== EXERCISE INSTRUCTIONS ==
Transcribe all the entries word for word, but omit the images.

== MATERIAL FOR THIS TASK ==
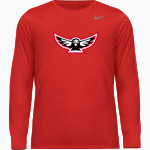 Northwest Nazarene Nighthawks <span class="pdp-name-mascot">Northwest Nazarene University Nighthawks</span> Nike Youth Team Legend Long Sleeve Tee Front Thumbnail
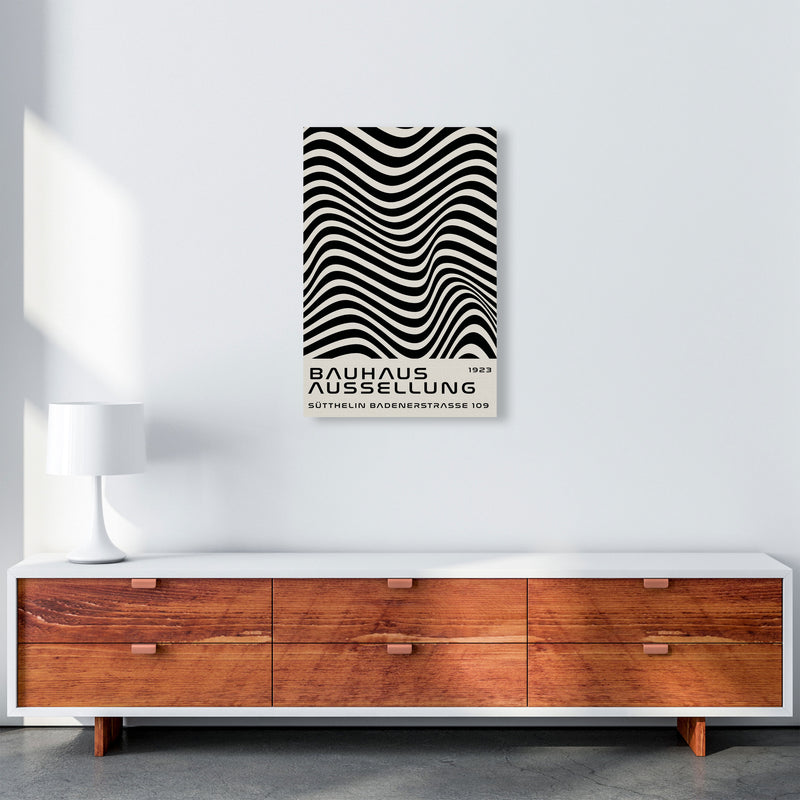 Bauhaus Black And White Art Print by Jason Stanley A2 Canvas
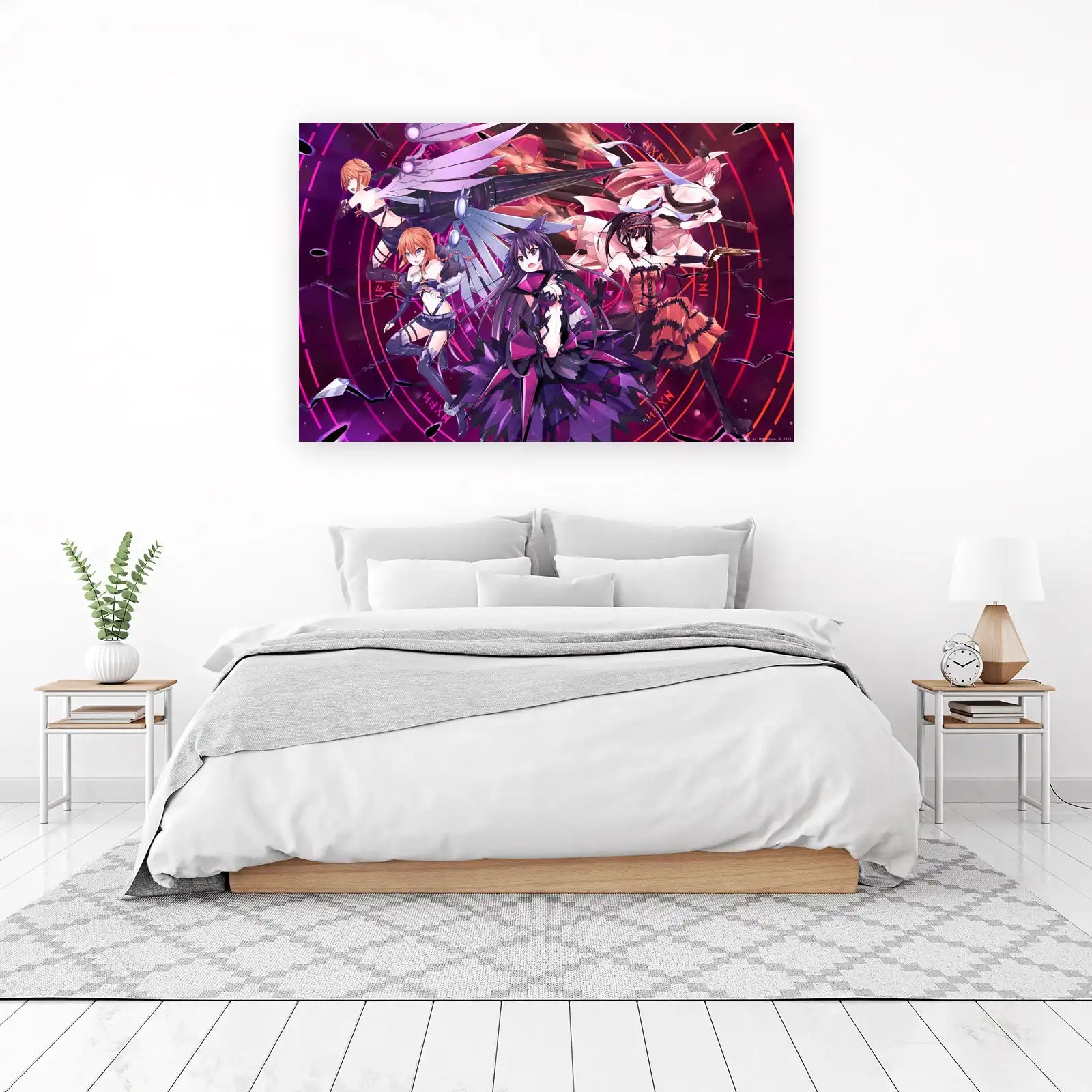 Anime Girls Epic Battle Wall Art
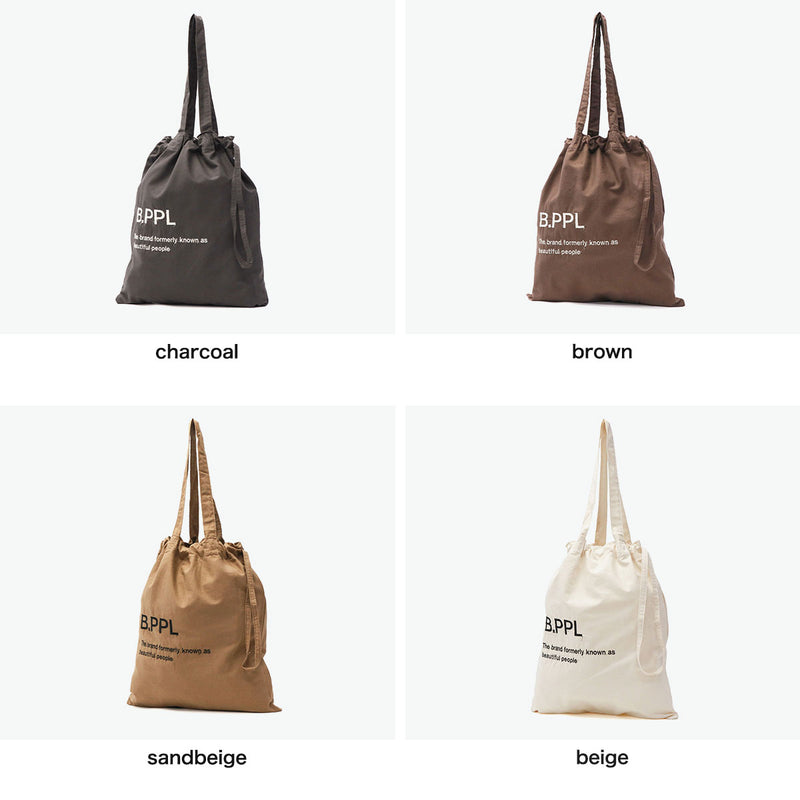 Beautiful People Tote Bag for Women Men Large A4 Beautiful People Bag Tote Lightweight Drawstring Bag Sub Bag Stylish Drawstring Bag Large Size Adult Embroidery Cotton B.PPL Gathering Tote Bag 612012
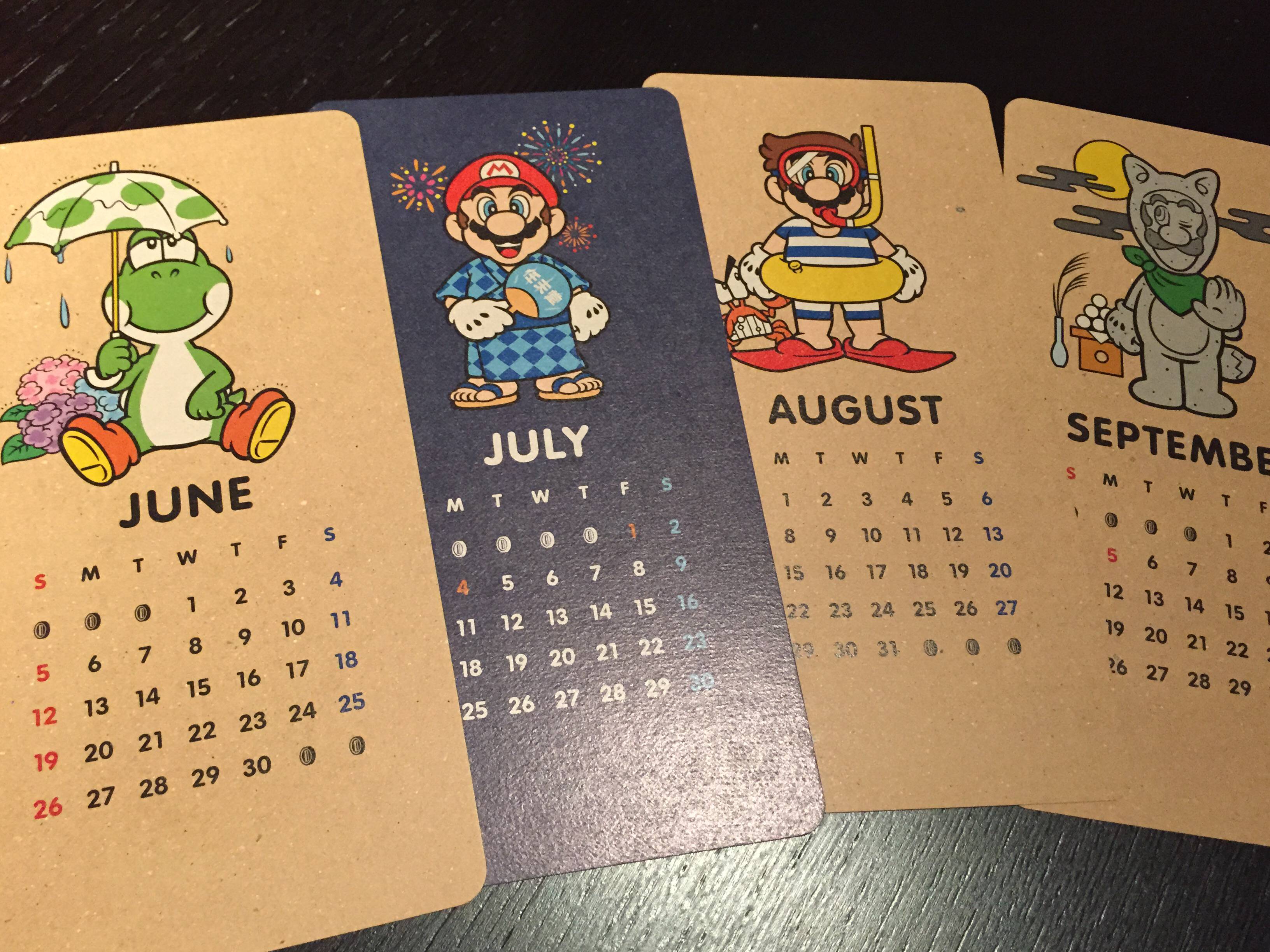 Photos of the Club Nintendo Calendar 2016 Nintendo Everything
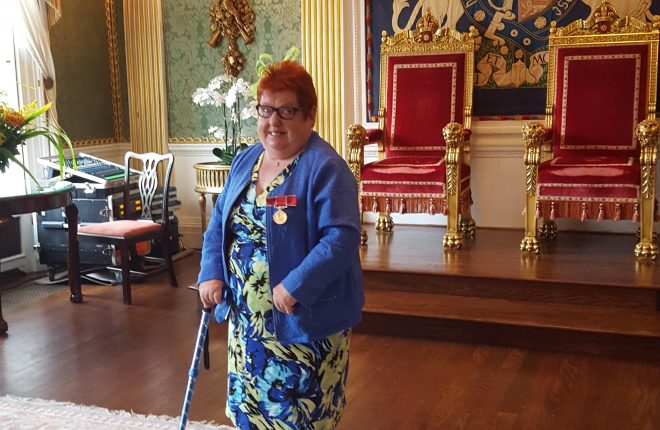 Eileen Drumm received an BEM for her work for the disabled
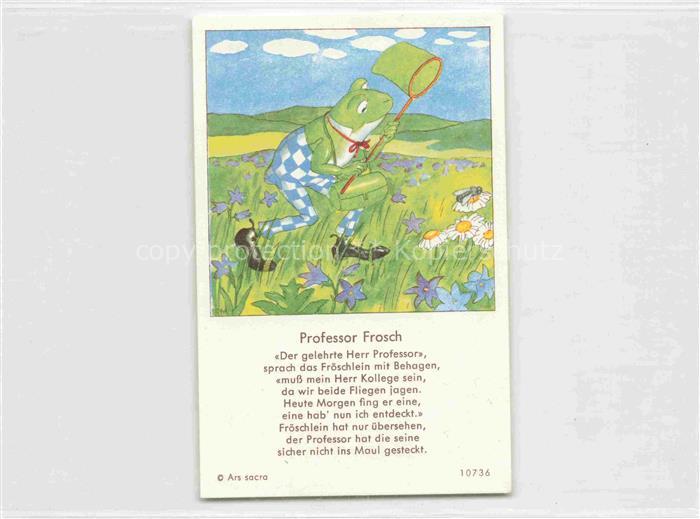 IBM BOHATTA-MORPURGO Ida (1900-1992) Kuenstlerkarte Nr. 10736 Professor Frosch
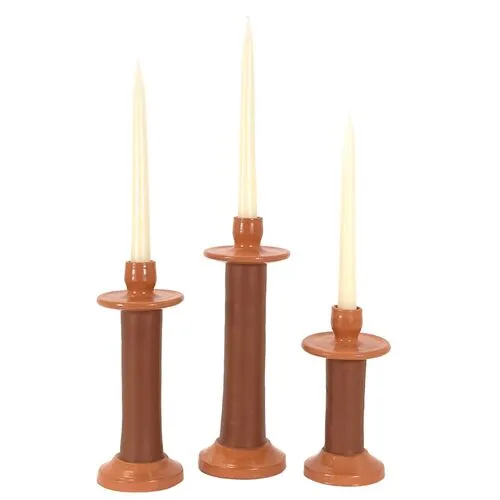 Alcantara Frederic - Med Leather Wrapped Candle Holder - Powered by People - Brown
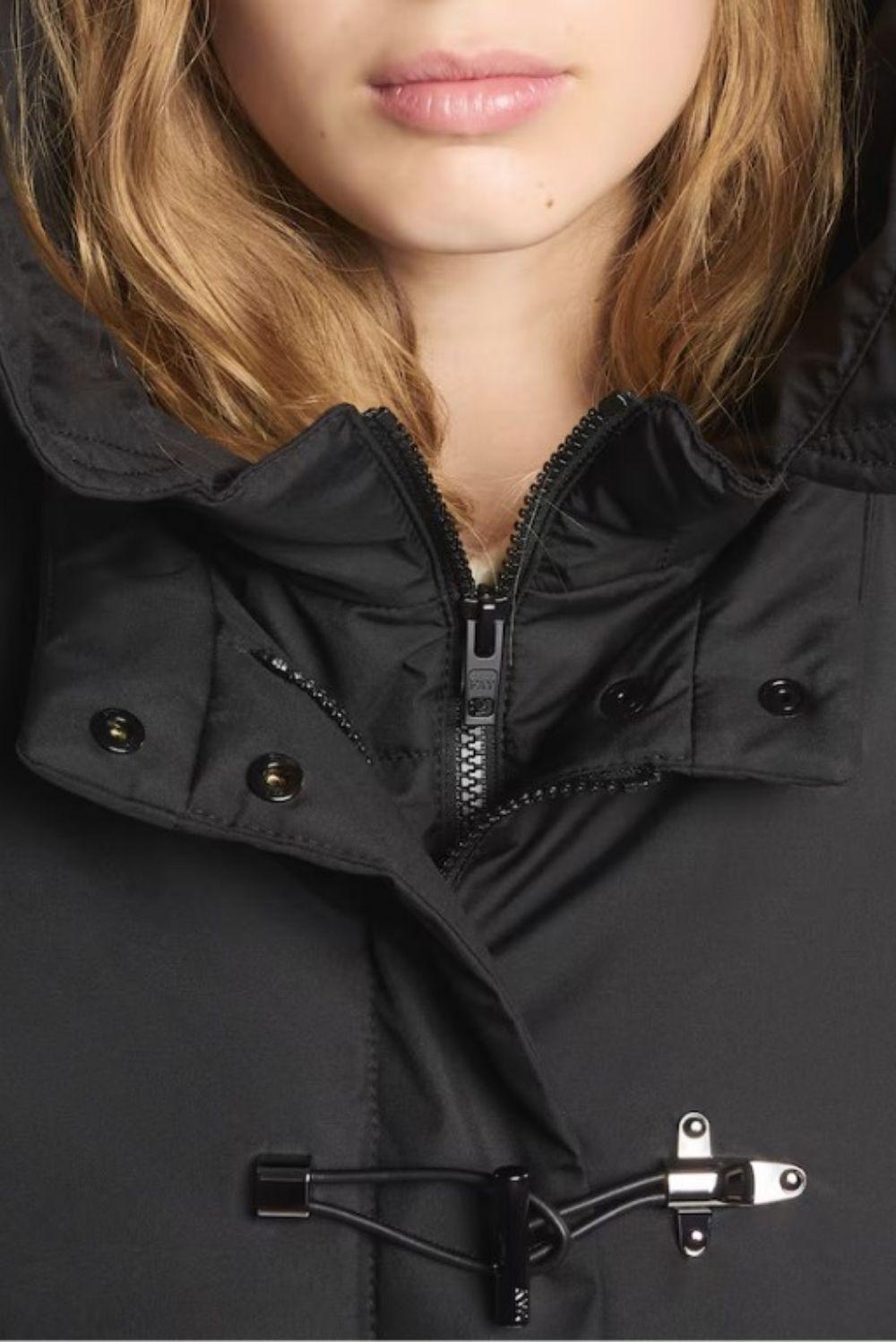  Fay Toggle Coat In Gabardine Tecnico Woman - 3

== RESPONSE BELOW ==
 Northwest Nazarene Nighthawks <span class="pdp-name-mascot">Northwest Nazarene University Nighthawks</span> Nike Youth Team Legend Long Sleeve Tee Front Thumbnail
 Bauhaus Black And White Art Print by Jason Stanley A2 Canvas
 Anime Girls Epic Battle Wall Art
 Beautiful People Tote Bag for Women Men Large A4 Beautiful People Bag Tote Lightweight Drawstring Bag Sub Bag Stylish Drawstring Bag Large Size Adult Embroidery Cotton B.PPL Gathering Tote Bag 612012
 Photos of the Club Nintendo Calendar 2016 Nintendo Everything
 Eileen Drumm received an BEM for her work for the disabled
 IBM BOHATTA-MORPURGO Ida (1900-1992) Kuenstlerkarte Nr. 10736 Professor Frosch
 Alcantara Frederic - Med Leather Wrapped Candle Holder - Powered by People - Brown
  Fay Toggle Coat In Gabardine Tecnico Woman - 3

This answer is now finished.